マリアさんの周りでは、公立学校に通う親でも「どうやって子どもたちを公立で行われる不必要な教育から守るか」といった対話集会を頻繁に行っているという。ポールスボー市というコミュニティー自体「今の教育や国のあり方が、子どもたちに望ましくないのでは」という問題意識を抱いているようだ。

筆者が参加した「真のリベラルは、どうやって現代リベラルの暴走を止めるべきか」という会合も興味深い内容だった。参加者はリベラル派なので、トランプ大統領や現政権のあり方には基本的には反対の立場だ。しかし、集まった人はみな、自戒の念にも駆られていた。彼らが集会を行った前提には、「人々がトランプ大統領を支持し、現在の政権に未来を託したのは、すべて自分たちリベラルの責任だ」というものがあった。

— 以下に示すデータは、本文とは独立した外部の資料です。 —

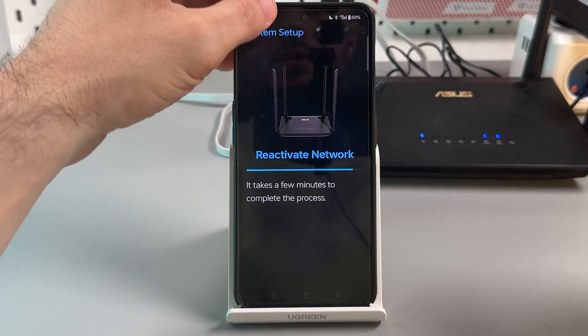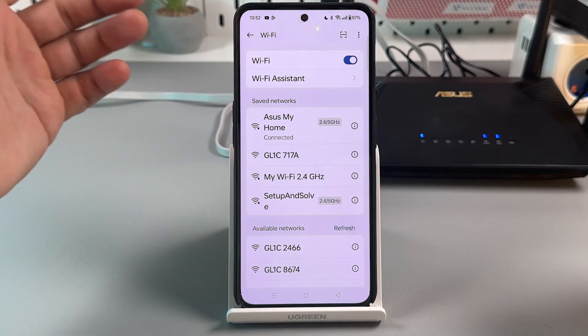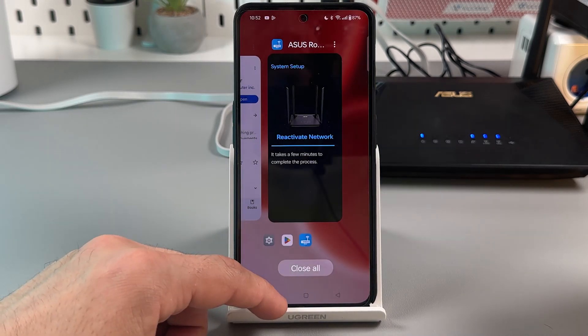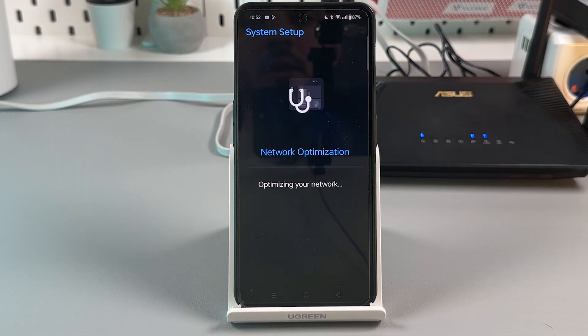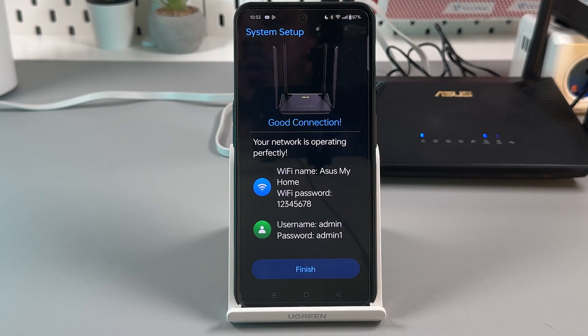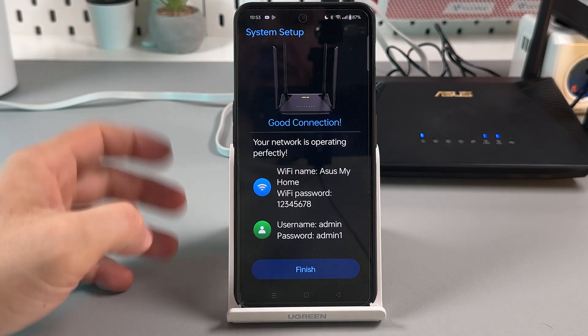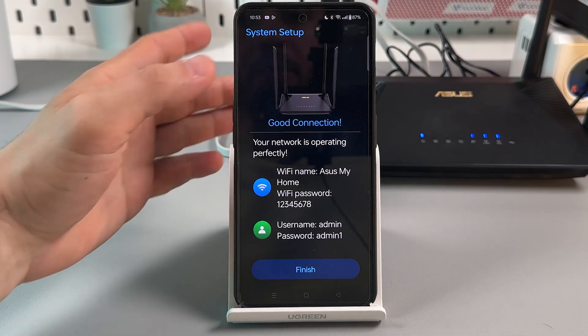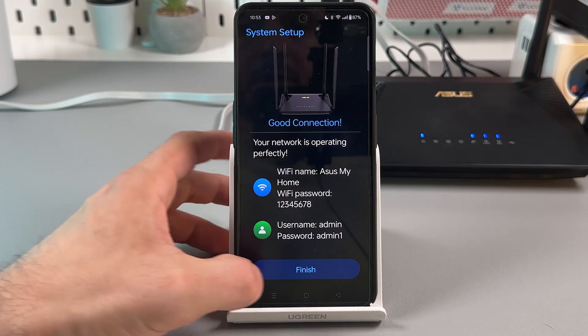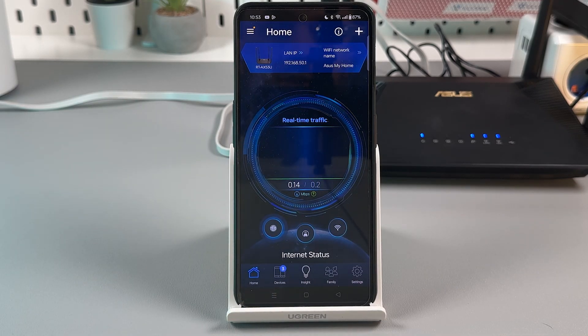Go to Wi-Fi settings and try to connect to your new network — it may already be connected automatically. Go back to the application. After some network optimization, it will show that you have a good connection. On the summary page you can see your network name, password, and admin credentials. Tap Finish.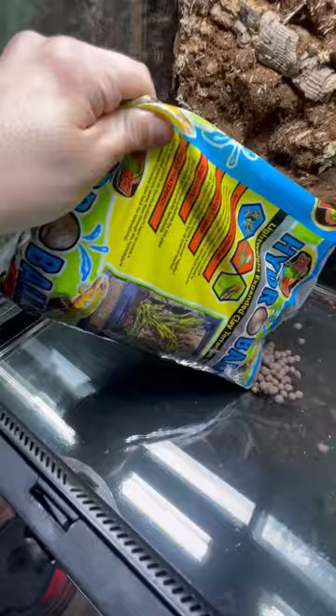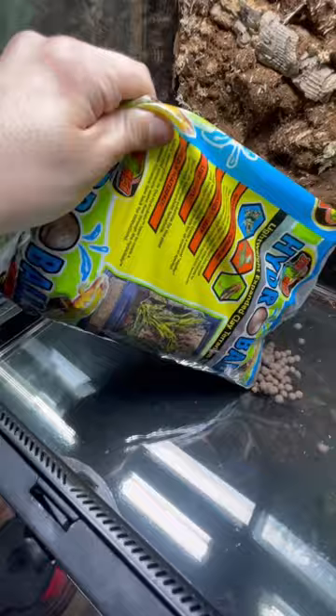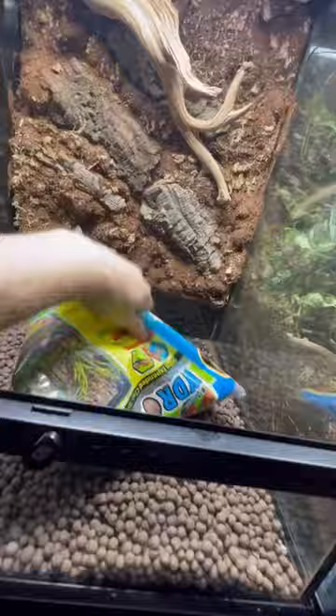The drainage layer goes first. Three bags of Zumed Hydro Balls were used. Once it's been leveled out, it's about two inches deep. The drainage layer will help prevent root rot and your enclosure becoming a swamp.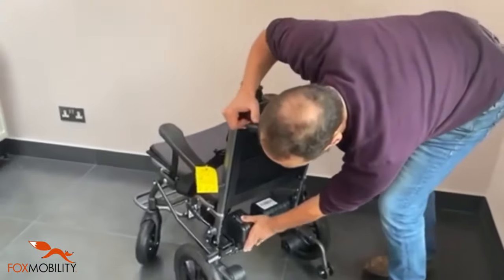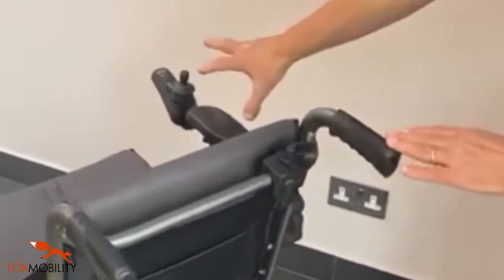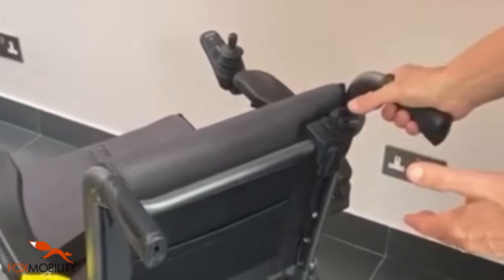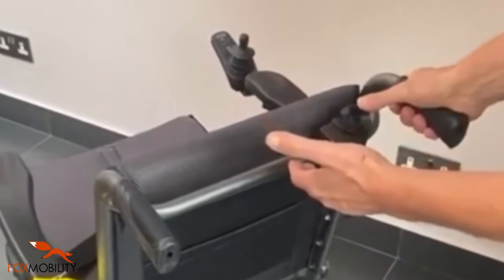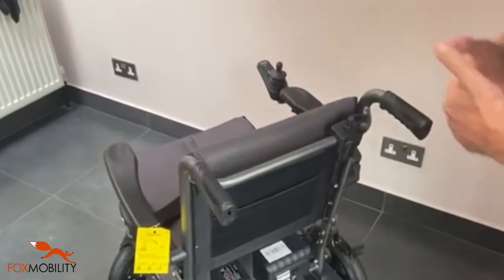One of the nicest features of the product is that as well as having the controller at the front, you've got an attendant control that can very easily take over, and that comes as standard — so literally by pushing forwards you'll be able to control the chair as a carer.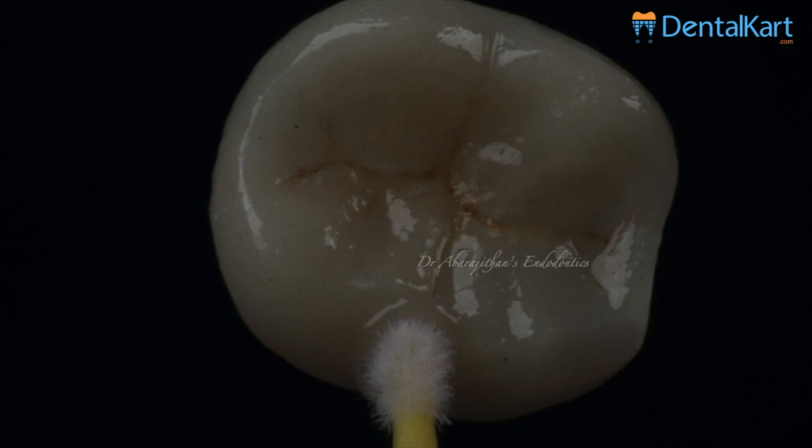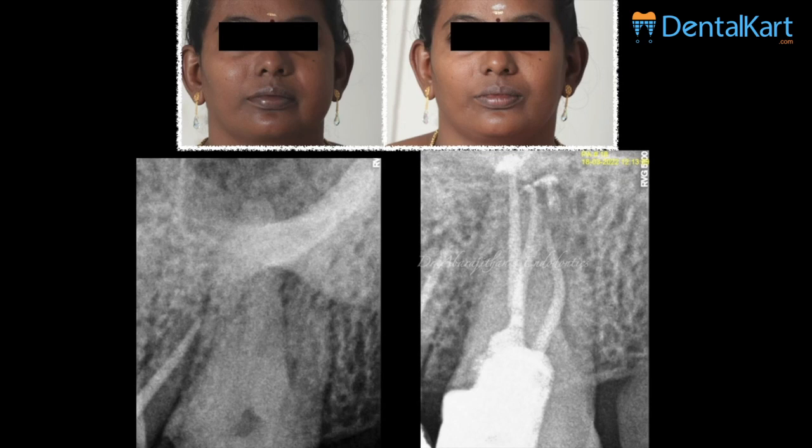This cracked tooth was later restored with a bonded restoration. Case number two is again a necrotic tooth with a periapical lesion — the patient reported with acute swelling — a left maxillary second molar, which was also treated in the same manner with the four files. This was the second use of this particular set of rotary files. This tooth was a little more curved than the first case — you can see the nice curve in the distobuccal canal.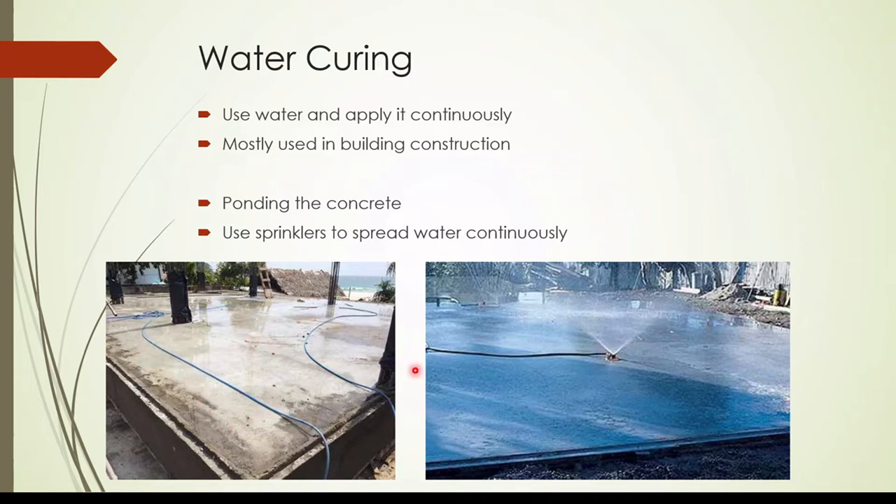There are mainly two methods. We can do the curing by ponding the concrete — you make a curb around the concrete and fill the slab barrier with water. The other method is we use sprinklers to spray the water continuously over the concrete surface.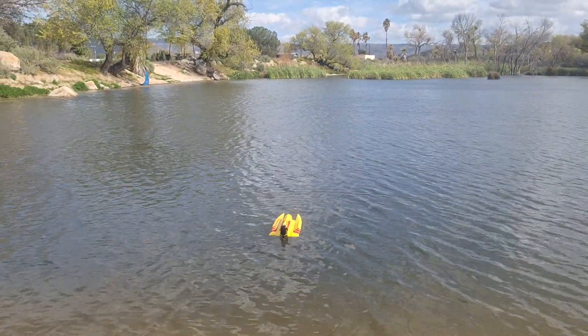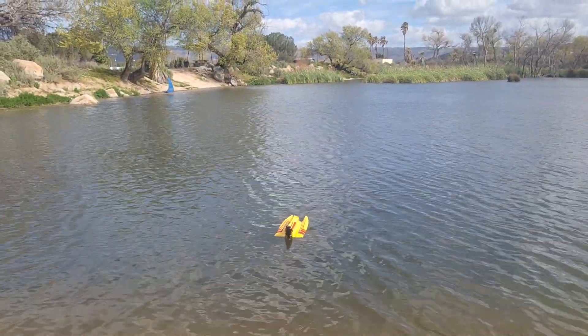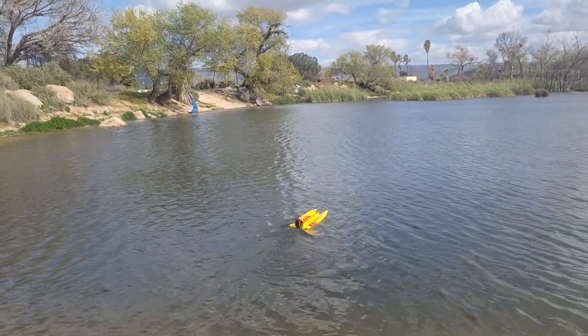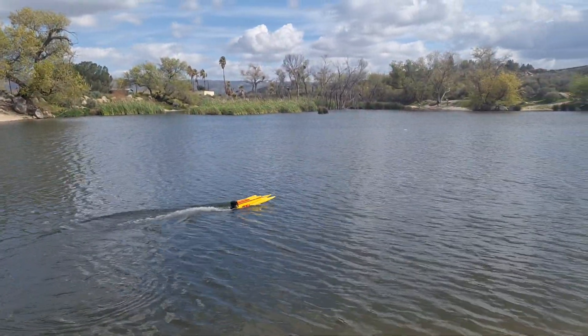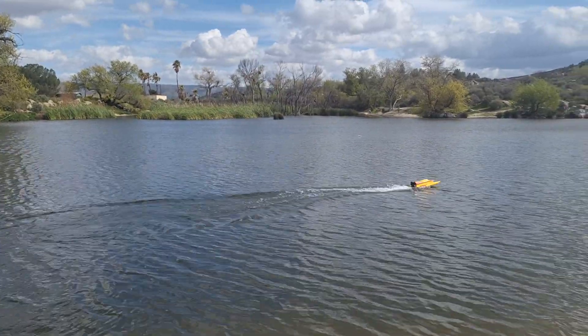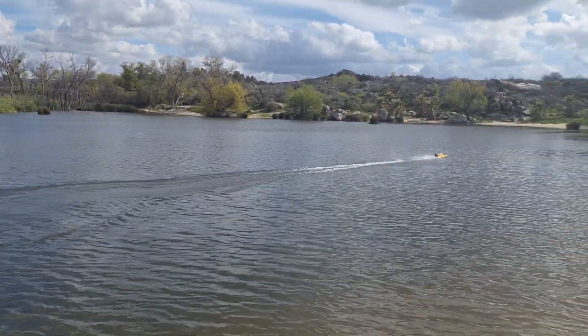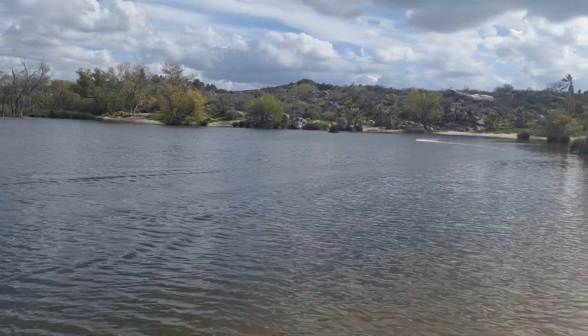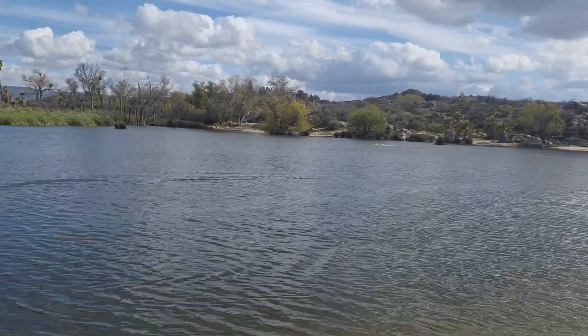We're gonna do the maiden run on the Prather Lapcat Vintage TFL scale outboard on it. Here we go, 4S. Woo! Didn't turn very sharp.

この会を取りまとめたジョン・マクラウドさんは、50歳の会社経営者。彼は昨年8月にアメリカ心理学会(APA)が発表した報告書の内容を取り上げ、「このままでは、暴走しているともいえる過激なリベラルたちがアメリカをダメにする」と警笛を鳴らした。

彼が問題視するのは、APAが昨年行った研究調査の結果だ。報告書は全36ページ。簡単に内容をまとめると、「伝統的な男らしさイデオロギーは男性の心理的発達を制限し、性役割の緊張と性役割の葛藤をもたらし、精神的健康と身体的健康に悪影響を及ぼす。また、男性の少年は学業の卓越性を追求するのではなく、同性愛嫌悪、いじめ、さらにはセクシャルハラスメントなどの破壊的な行動に力を注ぐ可能性がある」といったものになる。

「この報告書は実によく、現在はびこっているリベラル派の勘違いを象徴しています。男性性そのものを否定することは、人類の歴史そのものを否定しているのと同じ。セクハラ撲滅や性差のない社会づくりをしようという動き自体は正しいですが、リベラルが躍起になっている#MeTooなどは、社会混乱の種にもなっています」

この会ではその象徴的事例として、ディズニーの人気映画『リトル・マーメイド』が、女性差別を加速させると問題視された件が挙げられた。アイビーリーグの1つとしても知られる名門、プリンストン大学に端を発するこの騒ぎは、『リトル・マーメイド』の劇中歌、『キス・ザ・ガール』が有害であるとしたのだ。

問題の歌詞を直訳すると「女の子は黙って待っている、だからキスをして」とでもなろうか。同校には男性だけで構成されるアカペラの歌唱グループがあるが、そのグループが「キス・ザ・ガール」を歌うことに嫌悪感を表した女性たちの見解が抗議運動に発展したのだ。

彼女たちの言い分は「これらの歌詞は、明確な同意を得ることなく男性が女性に性的なアプローチをすることを明確に奨励している」というものだった。

本当のリベラルは極論を支持する思想ではない

「結局これも男性らしさが有害という、アメリカ心理学会の見解に似ています。リベラルたちは#MeTooや性的マイノリティーの配慮という常識を振りかざし、社会を混乱させているのです」とマクラウドさんは言う。

「今の時代、女の子が女の子らしく、男の子が男の子らしくというようなことも、うっかり言えない世の中です。こんな混乱した世の中で、私たちはどうやって、自分の子どもをまともに育てていったらよいのでしょう? これがリベラルなら、私はリベラルをやめたいと思います。本当のリベラルというのは、自分の見解を押し通すために極論を支持するような思想ではないはずです」

マクラウドさんは、「リベラル派がリベラルの問題を内部から指摘していくことは重要だ」と語るが、そのとおりだと思う。リベラルの根本は「異なる見解や背景のある人を受け入れる寛容性」が重んじられていたはず。そして、そのリベラルらしさを大切にしたいリベラル派たちは大勢存在するのだ。

アメリカの大手メディアで話題になるのは、むしろ過激派である。それが世界に「アメリカの今」として紹介されている傾向があることは非常に残念である。